Дверь в терраску распахнулась и ударилась в стену. Колька недовольно вскинул голову, отложил пинцет, которым протягивал на своей модели штаги от бушприта к фок-мачте.
   – Колян! Сентя Воронка продал! - И Васька-Кролик опустился на порог, спрятал лицо в ладонях. Страшно, когда плачет взрослый человек. А еще страшнее, когда плачет мальчишка.
   – Не ной! - Челюкан вскочил, опрокинув табурет. - Говори толком.
   – Сентя покупателя на Воронка нашел. На колбасу его продал!
   Сентя - это директор школы Арсентий Ильич. Ребята его не всегда любили.
   Воронок - старый буланый коняга, который много лет безропотно отработал на дальней ферме, возил непроезжими для машин дорогами бидоны с молоком. А как состарился и в колхозе с кормами плохо стало, председатель отдал его в школу - на пенсию. Здесь Воронку полегче пришлось - пару раз в неделю бочку с водой доставить: своего колодца в школе не было. Да и пацанва школьная Воронка не обижала, ни один малец к нему без корочки хлеба или кусочка сахара не подойдет. Воронок на ласку по-своему отвечал - на каждой перемене степенно ходил по двору, катал на широкой спине всадников.

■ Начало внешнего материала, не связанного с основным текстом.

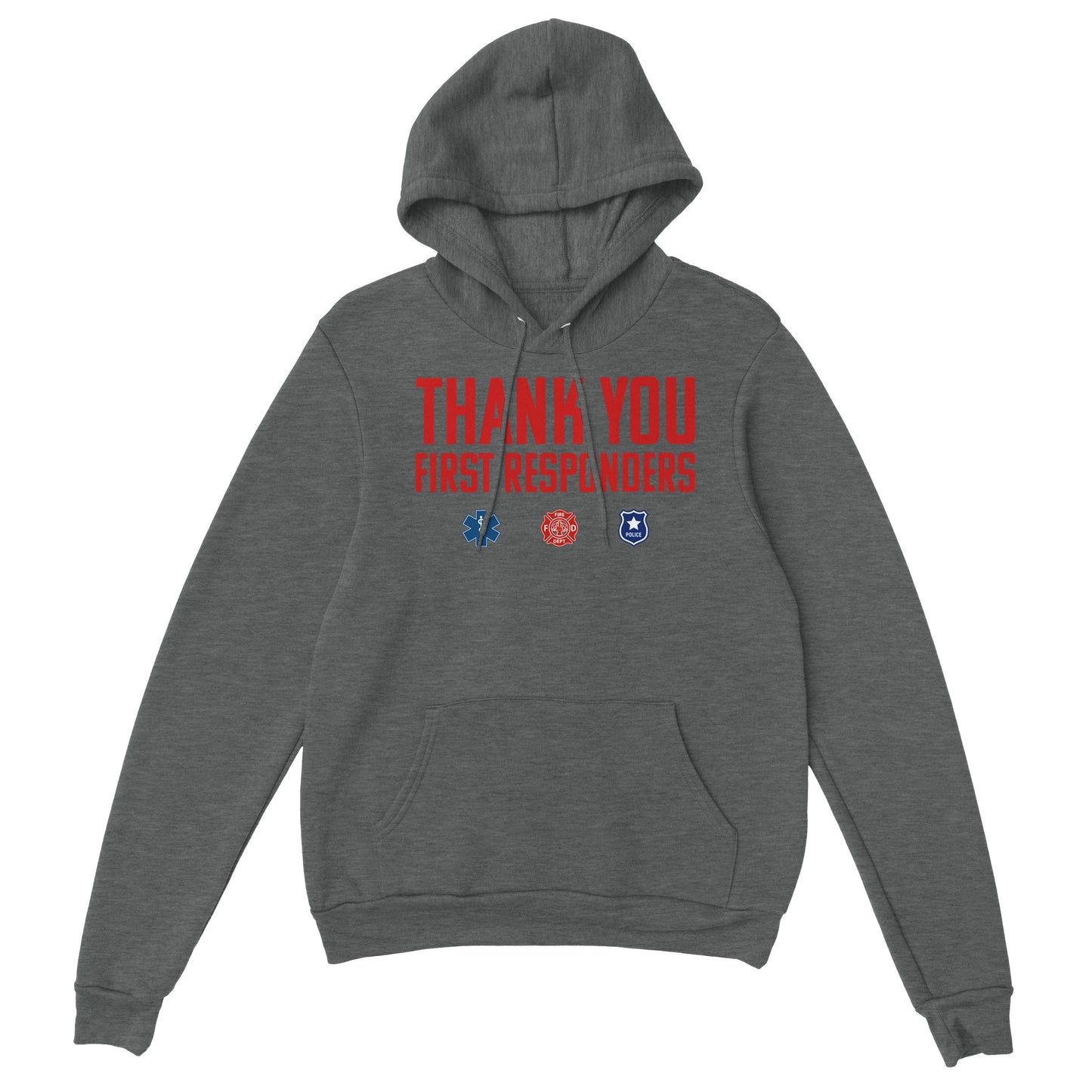 First Responders | Premium Hoodie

   А особо выделял, конечно, Ваську Кролика. Еще издали увидит, ушами прядает, копытами, стоптанными, как опорки у Силантича, переступает в нетерпении. Иногда заржет - тоненько, радостно, нетерпеливо. А как подойдет Васька, Воронок ему все лицо мягкими губами потрогает, пофыркает в ухо, будто что-то шепчет секретное - для двоих, а потом глубоко вздохнет, положит голову на плечо и замрет, счастливый.
   Сентя поначалу тоже доволен конем был. Работящий, смирный, а главное, навоз от него очень полезный для огорода. Директор лично его тачками возил себе на усадьбу. Да перестарался - отчего-то огурцы странные у него пошли: один винтом загибался, другой крючком, третий вообще круглый. И все горькие, как редька. Соседка Полинка пояснила: перекормил их директор навозцем, слишком много внес.

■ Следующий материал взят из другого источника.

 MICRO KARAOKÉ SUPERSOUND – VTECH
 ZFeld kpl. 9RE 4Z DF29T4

   Вот тут интерес к Воронку у Сенти пропал: выгоды никакой, одни заботы. Хотя заботы эти на себя ученики полностью взяли: и сено для коня на зиму готовили, и кормили-поили, и чистили. Воронка не узнать было: светился конь. А ну как на ногу кому наступит? Директор виноват.

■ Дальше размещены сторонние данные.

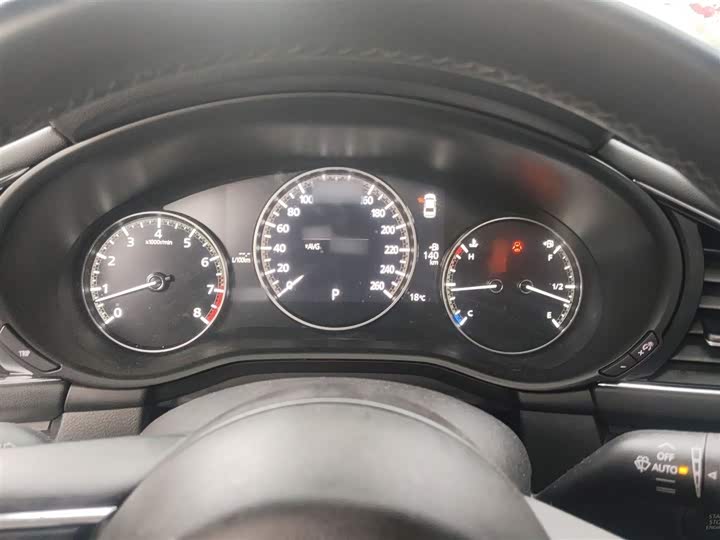 Фото 4 - Mazda 3 (Axela)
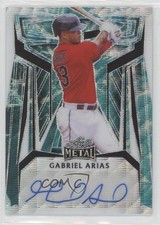 2023 Leaf Metal Auto Water Wave 2/6 Gabriel Arias #BA-GA1 Auto rf2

   Тут, кстати, и подвернулся этот Тулиген, казах залетный какой-то или киргиз, который в Дубровниках магазинчик держал и шашлычную. Соблазнился директор хорошей суммой. Да и как не соблазниться. Глазом не моргнешь, а уж осень на дворе, новый учебный год. А в школе двенадцать окон битых, крышу менять надо, столярку красить. А где деньги возьмешь? То-то! И продал директор Воронка на колбасу…
   – Не ной, - опять оборвал Колька Кролика. - Откуда знаешь?
   – Галка сказала, - всхлипнул Васька. - Подслушала, как Сентя с казахом по телефону договаривался.
   Если Галка сказала, значит, так и есть - подслушивать она умела, чутким девчоночьим ухом улавливала тайное и болтливым язычком превращала в явное.
   – Завтра с утра этот киргиз за Воронком приедет.
   Колька прикусил губу, позыркал глазами, нахмурил лоб - нашел решение.
   – Пошли!
   – Куда?
   – К «тарзанке».
   Кролик обиделся: такая беда настигла, а лучший друг вместо помощи развлекаться зовет.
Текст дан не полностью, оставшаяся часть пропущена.